# Work to be completed
Take the records below and print them verbatim up to and including the line that carries "Calming collar cat".

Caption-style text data
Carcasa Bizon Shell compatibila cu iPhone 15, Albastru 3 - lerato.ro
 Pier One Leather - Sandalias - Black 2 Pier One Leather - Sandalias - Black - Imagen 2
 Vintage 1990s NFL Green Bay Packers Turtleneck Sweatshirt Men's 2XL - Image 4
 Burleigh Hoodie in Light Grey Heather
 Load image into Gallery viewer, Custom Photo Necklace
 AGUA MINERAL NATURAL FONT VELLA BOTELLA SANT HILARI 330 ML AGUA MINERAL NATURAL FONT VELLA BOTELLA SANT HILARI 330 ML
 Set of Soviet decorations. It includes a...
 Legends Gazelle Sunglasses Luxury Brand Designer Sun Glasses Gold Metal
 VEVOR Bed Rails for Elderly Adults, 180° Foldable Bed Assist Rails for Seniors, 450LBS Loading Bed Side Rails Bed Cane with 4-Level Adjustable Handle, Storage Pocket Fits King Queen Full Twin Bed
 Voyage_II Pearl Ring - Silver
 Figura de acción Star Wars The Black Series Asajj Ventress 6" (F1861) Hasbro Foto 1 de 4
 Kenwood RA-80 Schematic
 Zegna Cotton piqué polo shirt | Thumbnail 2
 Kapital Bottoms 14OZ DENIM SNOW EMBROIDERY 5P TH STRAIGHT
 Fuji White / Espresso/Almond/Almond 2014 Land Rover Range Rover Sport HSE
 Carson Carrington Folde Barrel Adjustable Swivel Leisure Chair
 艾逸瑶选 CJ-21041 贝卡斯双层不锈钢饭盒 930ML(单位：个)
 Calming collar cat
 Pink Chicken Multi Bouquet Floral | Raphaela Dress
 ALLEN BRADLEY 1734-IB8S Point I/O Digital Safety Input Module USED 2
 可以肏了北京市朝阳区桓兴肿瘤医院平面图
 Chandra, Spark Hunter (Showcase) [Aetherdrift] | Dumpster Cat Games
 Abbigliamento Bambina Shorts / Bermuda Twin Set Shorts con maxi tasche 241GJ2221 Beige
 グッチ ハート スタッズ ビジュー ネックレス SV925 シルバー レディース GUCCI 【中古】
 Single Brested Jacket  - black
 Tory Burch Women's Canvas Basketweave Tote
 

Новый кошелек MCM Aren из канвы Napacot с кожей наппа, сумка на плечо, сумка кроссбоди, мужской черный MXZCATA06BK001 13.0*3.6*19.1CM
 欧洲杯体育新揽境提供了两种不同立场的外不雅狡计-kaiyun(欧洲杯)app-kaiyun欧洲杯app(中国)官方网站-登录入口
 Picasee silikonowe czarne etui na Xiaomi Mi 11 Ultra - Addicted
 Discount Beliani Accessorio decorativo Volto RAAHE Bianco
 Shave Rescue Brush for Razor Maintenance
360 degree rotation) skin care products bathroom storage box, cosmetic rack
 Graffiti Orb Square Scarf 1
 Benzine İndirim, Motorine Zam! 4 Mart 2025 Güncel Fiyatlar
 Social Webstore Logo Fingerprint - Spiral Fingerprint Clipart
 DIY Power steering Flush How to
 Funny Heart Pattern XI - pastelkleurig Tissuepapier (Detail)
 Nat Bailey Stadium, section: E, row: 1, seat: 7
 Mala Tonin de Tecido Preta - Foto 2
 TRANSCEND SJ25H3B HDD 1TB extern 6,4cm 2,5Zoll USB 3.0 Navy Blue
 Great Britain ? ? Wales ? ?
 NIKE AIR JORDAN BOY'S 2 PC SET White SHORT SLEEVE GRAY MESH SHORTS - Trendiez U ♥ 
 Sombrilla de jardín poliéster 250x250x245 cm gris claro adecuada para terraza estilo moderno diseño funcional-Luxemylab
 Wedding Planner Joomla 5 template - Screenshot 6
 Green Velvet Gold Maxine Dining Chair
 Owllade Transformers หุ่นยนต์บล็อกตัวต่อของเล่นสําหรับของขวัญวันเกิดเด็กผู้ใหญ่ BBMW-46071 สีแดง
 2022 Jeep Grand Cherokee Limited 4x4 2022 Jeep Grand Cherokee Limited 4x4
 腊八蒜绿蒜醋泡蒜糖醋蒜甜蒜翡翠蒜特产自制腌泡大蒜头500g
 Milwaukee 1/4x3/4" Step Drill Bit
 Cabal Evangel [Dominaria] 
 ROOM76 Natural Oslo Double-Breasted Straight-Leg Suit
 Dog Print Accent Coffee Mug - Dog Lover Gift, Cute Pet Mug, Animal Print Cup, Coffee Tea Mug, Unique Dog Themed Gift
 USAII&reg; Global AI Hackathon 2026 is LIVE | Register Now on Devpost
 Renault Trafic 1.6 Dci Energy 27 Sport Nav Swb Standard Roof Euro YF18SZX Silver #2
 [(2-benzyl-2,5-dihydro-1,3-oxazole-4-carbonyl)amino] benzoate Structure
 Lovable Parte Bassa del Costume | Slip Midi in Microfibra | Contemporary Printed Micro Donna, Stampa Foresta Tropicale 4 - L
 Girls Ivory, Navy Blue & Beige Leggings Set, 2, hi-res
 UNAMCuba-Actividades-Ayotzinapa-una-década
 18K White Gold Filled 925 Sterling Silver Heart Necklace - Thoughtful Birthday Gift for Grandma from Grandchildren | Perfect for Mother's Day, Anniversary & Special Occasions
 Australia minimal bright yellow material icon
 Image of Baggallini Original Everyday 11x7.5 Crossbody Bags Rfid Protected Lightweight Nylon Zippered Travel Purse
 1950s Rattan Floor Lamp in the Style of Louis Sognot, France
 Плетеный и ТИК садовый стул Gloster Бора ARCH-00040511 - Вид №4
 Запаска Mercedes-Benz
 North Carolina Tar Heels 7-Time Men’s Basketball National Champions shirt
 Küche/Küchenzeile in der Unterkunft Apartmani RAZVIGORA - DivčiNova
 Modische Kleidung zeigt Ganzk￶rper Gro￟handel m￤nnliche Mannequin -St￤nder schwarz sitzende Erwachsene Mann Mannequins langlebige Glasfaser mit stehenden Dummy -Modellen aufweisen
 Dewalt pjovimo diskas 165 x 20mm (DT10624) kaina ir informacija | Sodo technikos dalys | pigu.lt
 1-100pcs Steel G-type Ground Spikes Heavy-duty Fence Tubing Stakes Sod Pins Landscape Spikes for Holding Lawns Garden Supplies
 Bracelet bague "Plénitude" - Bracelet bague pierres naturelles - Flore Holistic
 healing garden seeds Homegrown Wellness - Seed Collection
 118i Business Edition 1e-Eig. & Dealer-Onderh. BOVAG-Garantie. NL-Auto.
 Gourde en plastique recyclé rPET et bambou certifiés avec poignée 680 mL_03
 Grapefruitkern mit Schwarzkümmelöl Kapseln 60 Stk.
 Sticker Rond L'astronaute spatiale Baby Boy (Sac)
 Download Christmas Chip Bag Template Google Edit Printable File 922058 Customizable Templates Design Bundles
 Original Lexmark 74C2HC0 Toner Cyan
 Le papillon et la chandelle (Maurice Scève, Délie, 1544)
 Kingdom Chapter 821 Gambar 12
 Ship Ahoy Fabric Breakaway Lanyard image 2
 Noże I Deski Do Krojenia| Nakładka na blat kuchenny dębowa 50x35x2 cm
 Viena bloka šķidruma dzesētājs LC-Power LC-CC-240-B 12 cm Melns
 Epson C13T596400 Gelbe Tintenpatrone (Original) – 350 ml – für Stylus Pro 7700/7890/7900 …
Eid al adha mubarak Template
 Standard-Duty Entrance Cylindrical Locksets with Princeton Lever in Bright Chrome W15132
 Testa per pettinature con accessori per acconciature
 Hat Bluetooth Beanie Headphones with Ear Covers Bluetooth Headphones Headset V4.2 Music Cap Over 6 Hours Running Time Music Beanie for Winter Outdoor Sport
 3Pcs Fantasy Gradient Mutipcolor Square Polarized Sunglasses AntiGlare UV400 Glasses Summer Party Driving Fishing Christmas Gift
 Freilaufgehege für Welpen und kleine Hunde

# Answer
Carcasa Bizon Shell compatibila cu iPhone 15, Albastru 3 - lerato.ro
 Pier One Leather - Sandalias - Black 2 Pier One Leather - Sandalias - Black - Imagen 2
 Vintage 1990s NFL Green Bay Packers Turtleneck Sweatshirt Men's 2XL - Image 4
 Burleigh Hoodie in Light Grey Heather
 Load image into Gallery viewer, Custom Photo Necklace
 AGUA MINERAL NATURAL FONT VELLA BOTELLA SANT HILARI 330 ML AGUA MINERAL NATURAL FONT VELLA BOTELLA SANT HILARI 330 ML
 Set of Soviet decorations. It includes a...
 Legends Gazelle Sunglasses Luxury Brand Designer Sun Glasses Gold Metal
 VEVOR Bed Rails for Elderly Adults, 180° Foldable Bed Assist Rails for Seniors, 450LBS Loading Bed Side Rails Bed Cane with 4-Level Adjustable Handle, Storage Pocket Fits King Queen Full Twin Bed
 Voyage_II Pearl Ring - Silver
 Figura de acción Star Wars The Black Series Asajj Ventress 6" (F1861) Hasbro Foto 1 de 4
 Kenwood RA-80 Schematic
 Zegna Cotton piqué polo shirt | Thumbnail 2
 Kapital Bottoms 14OZ DENIM SNOW EMBROIDERY 5P TH STRAIGHT
 Fuji White / Espresso/Almond/Almond 2014 Land Rover Range Rover Sport HSE
 Carson Carrington Folde Barrel Adjustable Swivel Leisure Chair
 艾逸瑶选 CJ-21041 贝卡斯双层不锈钢饭盒 930ML(单位：个)
 Calming collar cat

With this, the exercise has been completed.